Input for this task:
============
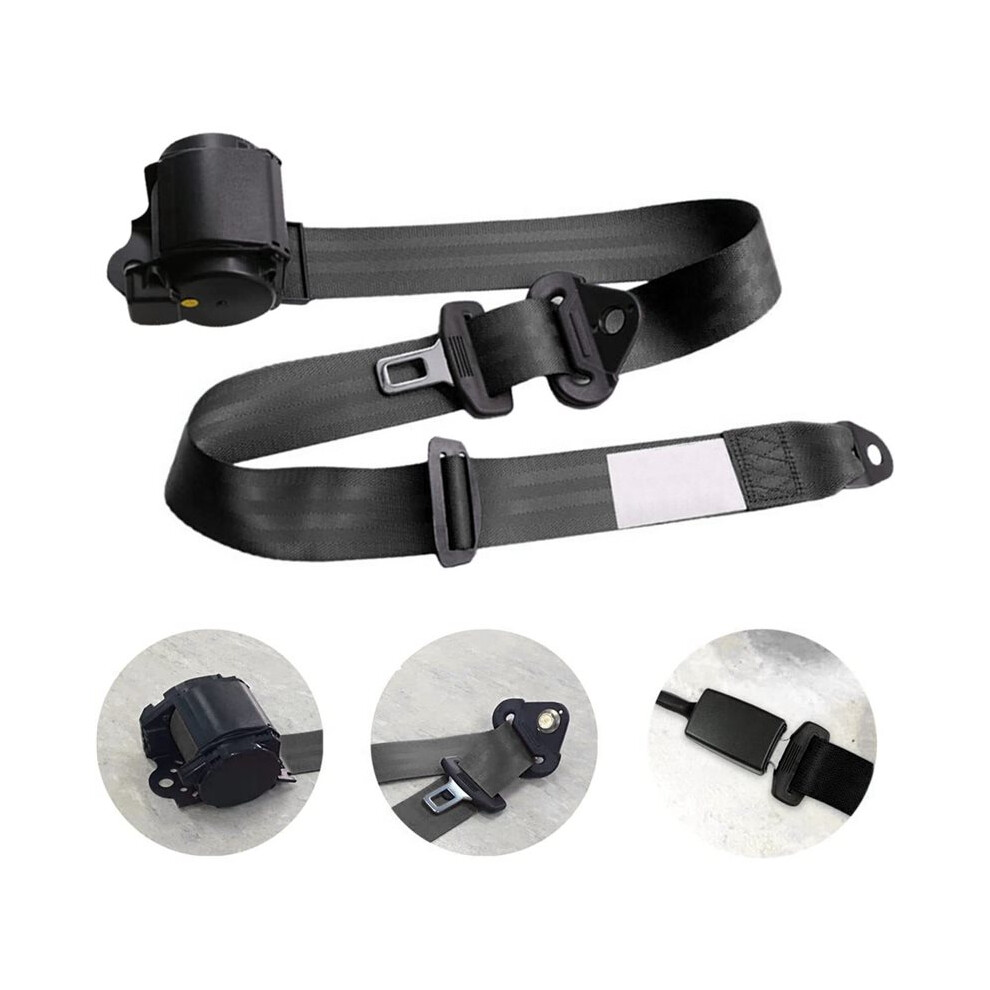 2Pcs 3Point Belts Universal Retractable Adjustable Belts For Cart Utv Minivan Rv Truck (Black) Black 4711854039325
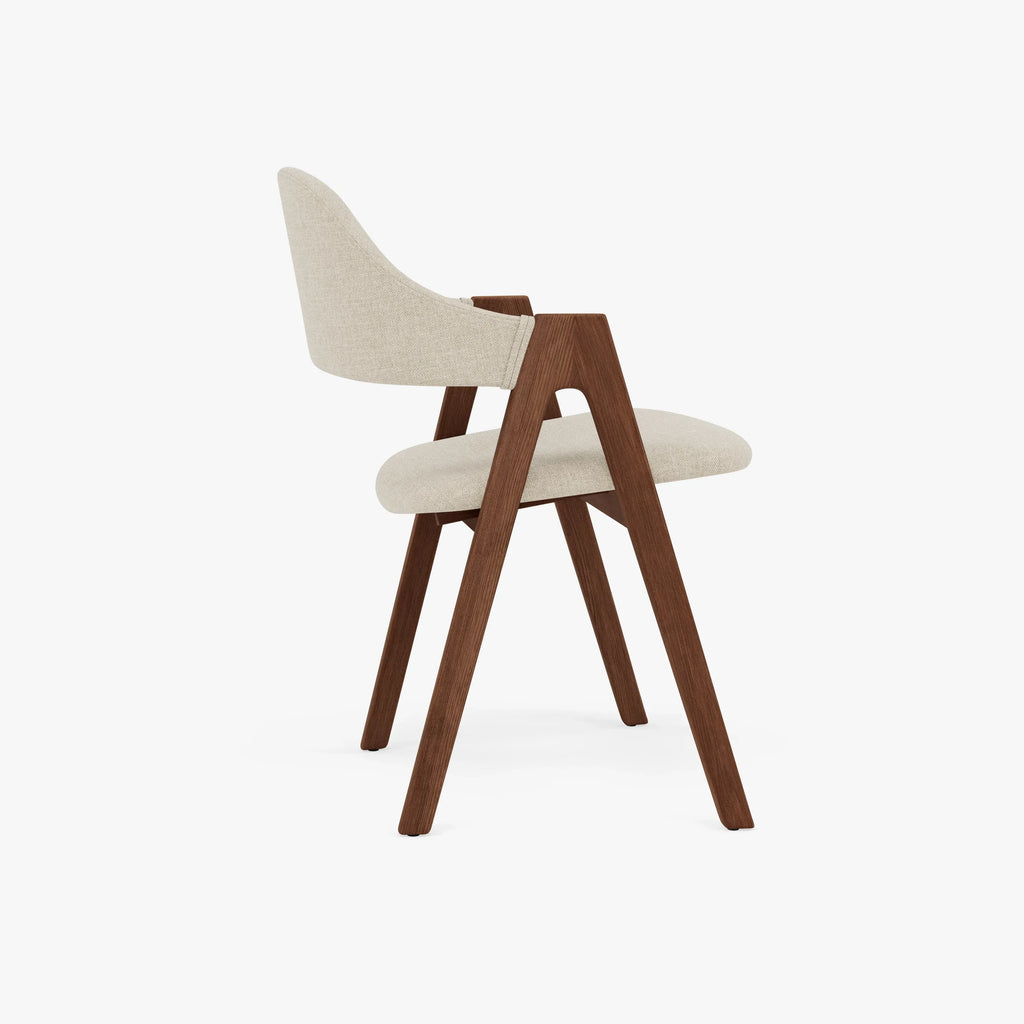 Nestor Dining Chair Oatmeal Beige Fabric Solid American Walnut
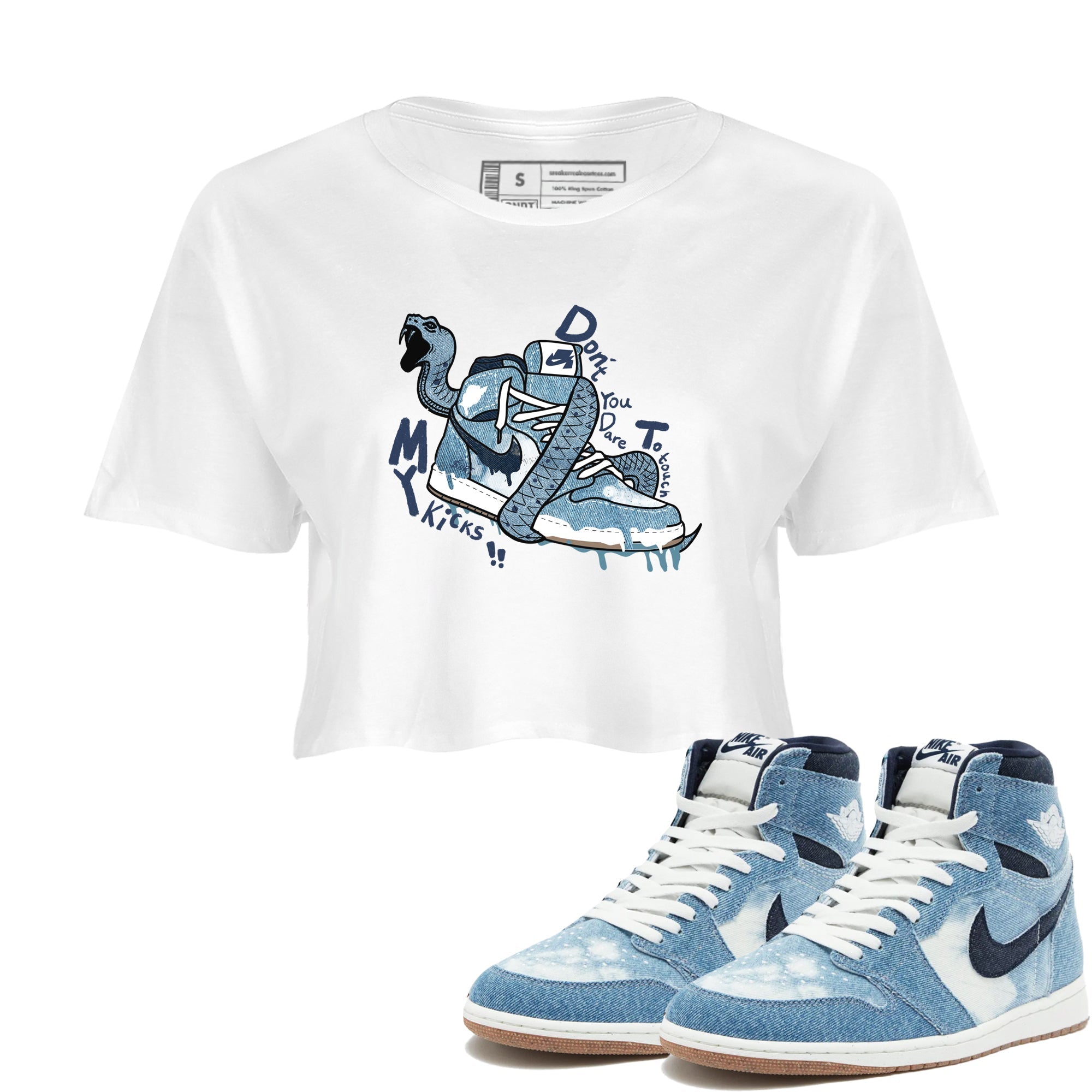 Don't Touch My Kicks snkmatch Women's Top - Air Jordan 1 Denim 2024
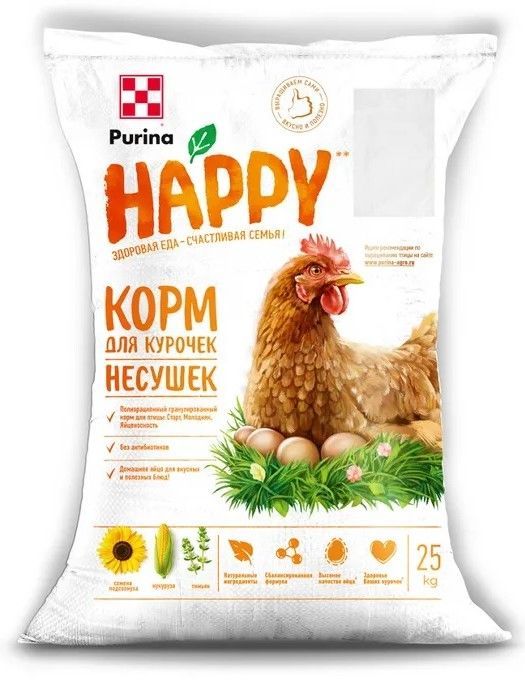 Purina Happy комбикорм для кур несушек от 20 недель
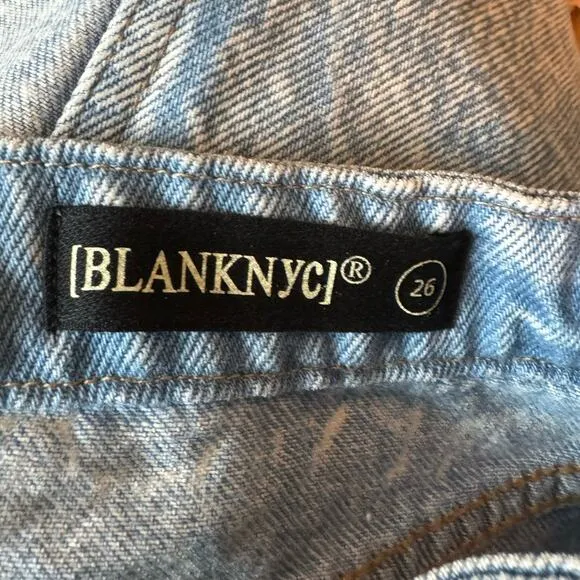 BLANK NYC NWT $88 Colorblock Nice Try Distressed Denim Skirt Blue Size 26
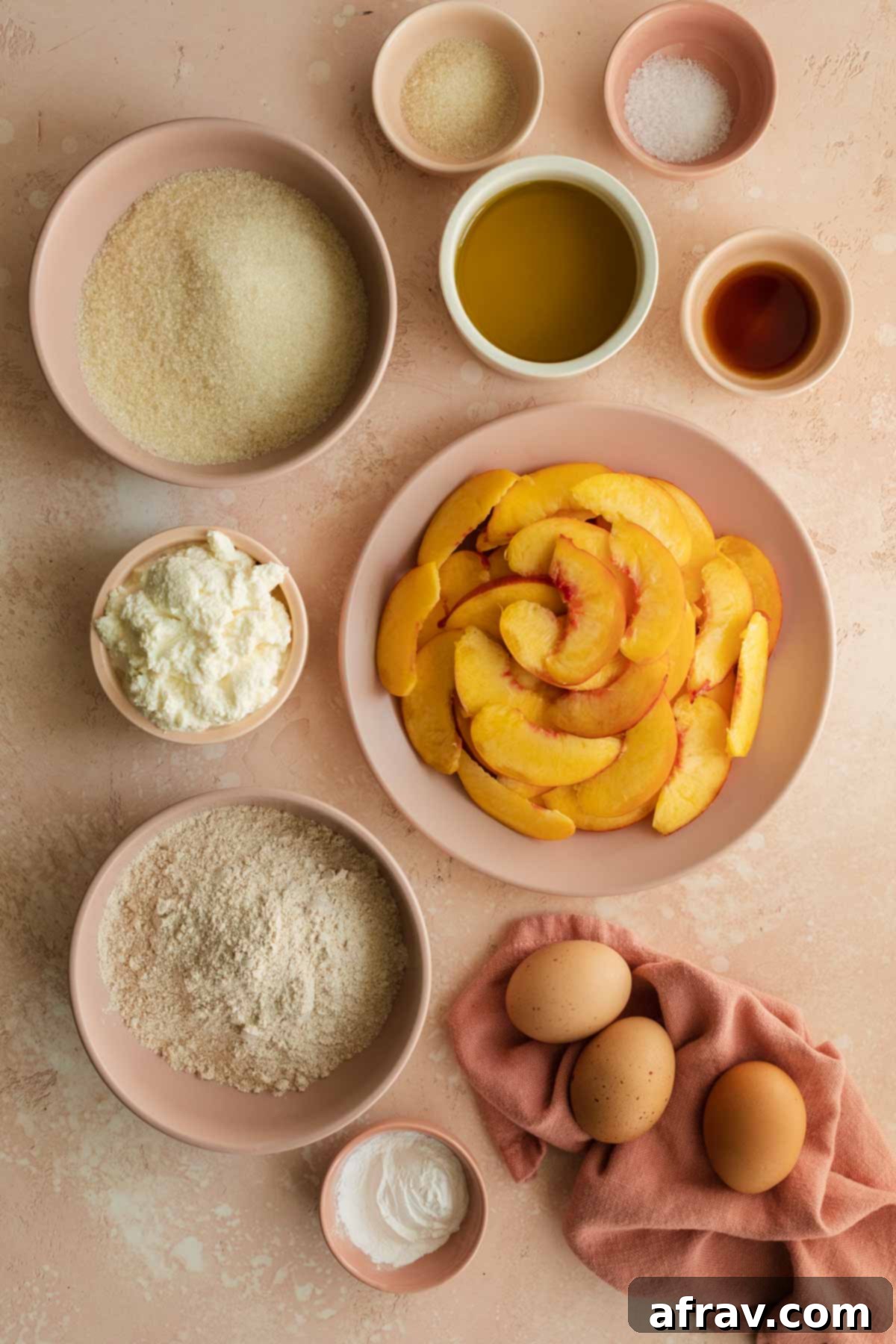 Ingredients for making peach cake, neatly arranged.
============
Task description: From the line that contains "Nestor Dining Chair" through the last line of the entries, transcribe every line exactly, leaving out the pictures.

Final answer:
 Nestor Dining Chair Oatmeal Beige Fabric Solid American Walnut
 Don't Touch My Kicks snkmatch Women's Top - Air Jordan 1 Denim 2024
 Purina Happy комбикорм для кур несушек от 20 недель
 BLANK NYC NWT $88 Colorblock Nice Try Distressed Denim Skirt Blue Size 26
 Ingredients for making peach cake, neatly arranged.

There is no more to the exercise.